This is extremely sketchy, just stealing other people's content (as they also
did on YouTube for years):

[https://www.androidpolice.com/2018/09/21/chrome-tests-
hiding...](https://www.androidpolice.com/2018/09/21/chrome-tests-hiding-urls-
google-searches/)

------
jbverschoor
Well you have to do something when search and ad revenue is slowly creeping
away.

These are dark patterns, making way for other browsers, such as Firefox.

------
flas9sd
Omnibox concept could help mobile browsers - not that Google would give this
screen real estate easily away - but what if the address bar could serve as
site wide search of the current site at all times with no more interactions.
Absolving website sticky headers, sandwich menus. This could empower the
"native web" against apps on small-screen devices.

------
agustif
It's already pretty difficult to get a full URL on a random bug
report/screenshot.

This sadly will ensure this keeps being the case...

------
pkamb
This "URL eliding" makes parameters impossible to click and select.

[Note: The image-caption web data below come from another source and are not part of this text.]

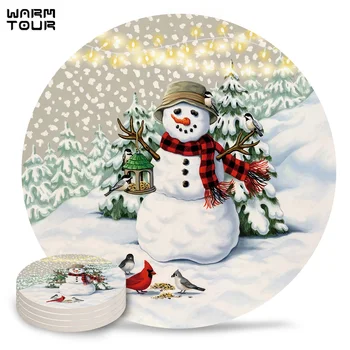 

4/6/8 PCS Winter Snowman Christmas Tree Placemat Ceramic Drink Coasters Table Decoration Absorbent Moisture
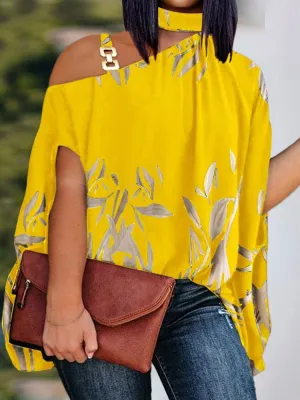Loose Hollow Out Halter Short Batwing Blouses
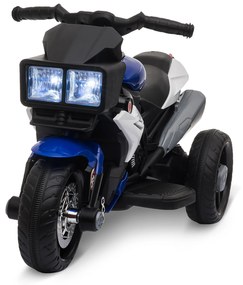 HOMCOM Motocicletă Electrică Copii 3-6 Ani, 3 Roți, Baterie 6V, din PP și Metal, Albastru Închis și Negru, 86x42x52cm | Aosom Romania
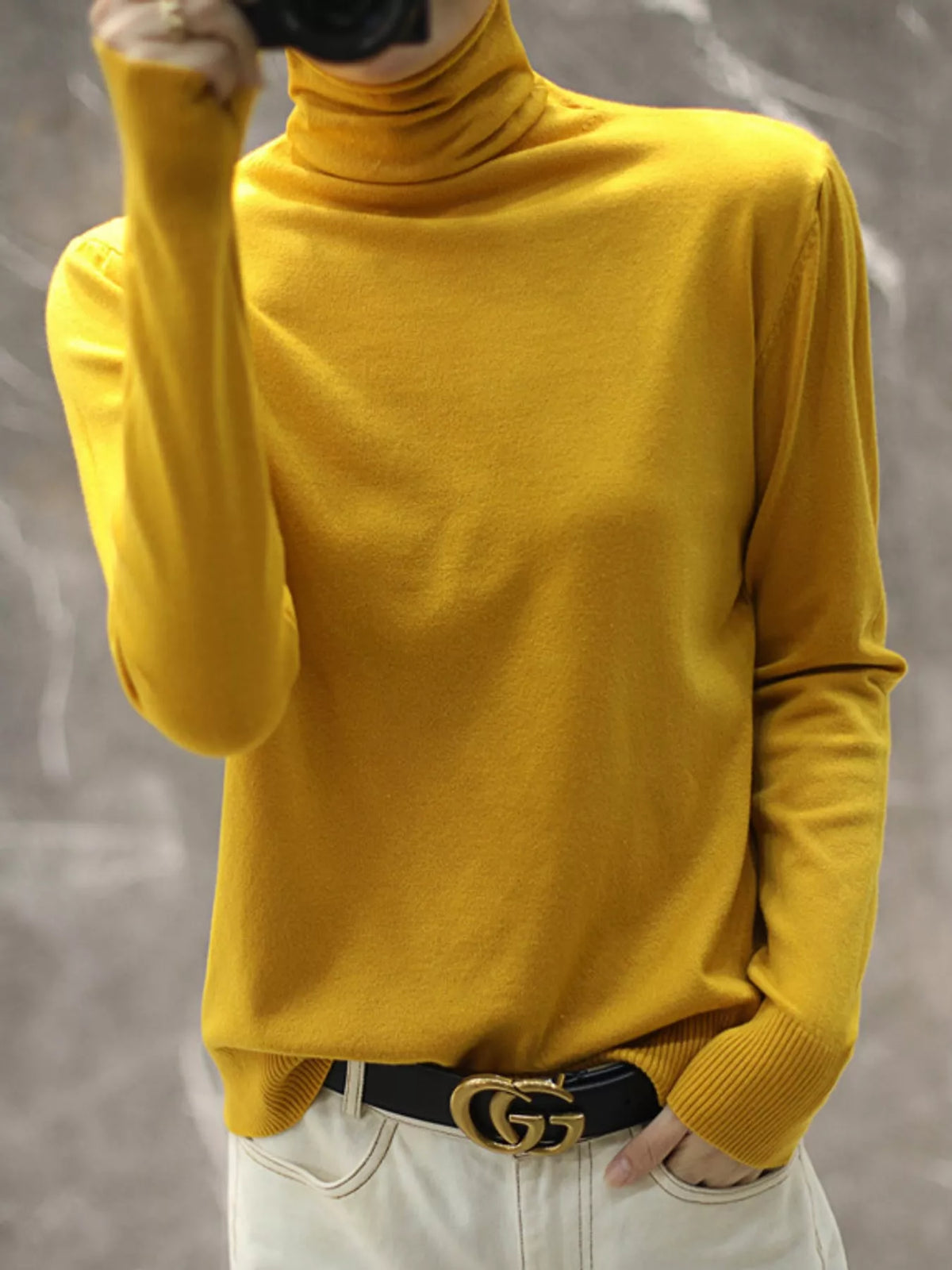 Full Size Slim-Fit Turtleneck Knit Top Plus Size - Mustard Yellow - View 34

So
annoying. I filed a bug for desktop Chrome:

[https://bugs.chromium.org/p/chromium/issues/detail?id=108440...](https://bugs.chromium.org/p/chromium/issues/detail?id=1084406)

------
h91wka
If at this point you still use Google products, while equal or better
alternatives exist, you get what you deserve.

------
goatinaboat
_Showing the full URL may detract from the parts of the URL that are more
important to making a security decision on a webpage_

I would like to see some examples of this because that makes zero sense. The
only reason I can see is to “dumb down” the browsing experience to reinforce
Google’s position as gatekeeper.

------
edeion
Why can't we just have two address bars? One for general "end" user that's
optimized to help them against phishing and all, another one that's just the
bare plain old URL? The toolbars are customizable, why not just add this
option?

------
fbnlsr
This is wrong on SO MANY levels.

I'm glad I've switched back to Firefox when they launched Quantum.

------
plerpin
Most sites use dynamically generated content with URLs that are essentially
meaningless. The path for this comment thread in HN is "/item?id=23516088". A
lot of websites append literally kilobytes of values to the querystring.

------
pnako
Nowadays when I connect to Google using the Googlebrowser powered by the
Googleprotocols to access the Googlecontent I don't care about weird symbols
like 'https', arcane concepts like URLs, etc.

------
tacone
Couldn't they just show the domain name in bold? It's that simple.

------
johnchristopher
Must have hired too much Gnome designers :). /s

(I actually like Gnome's statement)

------
PieUser
My concern is that Google will eventually remove this flag and make this the
default behaviour without any way to disable it. Safari, on the other hand,
has an option to turn the feature off.

------
nyxtom
This is a bad idea for domains that have usernames included in the url.

------
zffr
I believe this is already the default behavior in Safari. On iOS this is the
only option.

Personally, I don’t mind this being the default so long as there is an easy
way to change it to see the full URL.

------
kitsune_
This and AMP, I mean, it's clear what Google is up to.

------
macca321
Bring it on. Users not knowing the path means search engines not using the
path for ranking means a whole class of boring human readable SEO work goes
away.

------
HiddenCanary
Presumably, this is going to mean developers, QA and security testers move
away from Chrome as the URL bar is pretty key in many aspects of their job?

------
tomohawk
On many corporate networks I've used, its often far easier to directly change
the URL to navigate than to use any other means.

------
Tehnix
So Chrome is only showing the domain part now? Just like Safari has been for a
long time?

Personally I quite like it. From what I understand the main goal is to make
phishing attacks more clear to the user, since this is ultimately only a thing
the end-user can protect against. Removing the noise definitely helps for
that.

Having had it like this in Safari for a long time, I must say I greatly prefer
this over the older behavior---the only time I care about a full URL is when I
select it to copy it.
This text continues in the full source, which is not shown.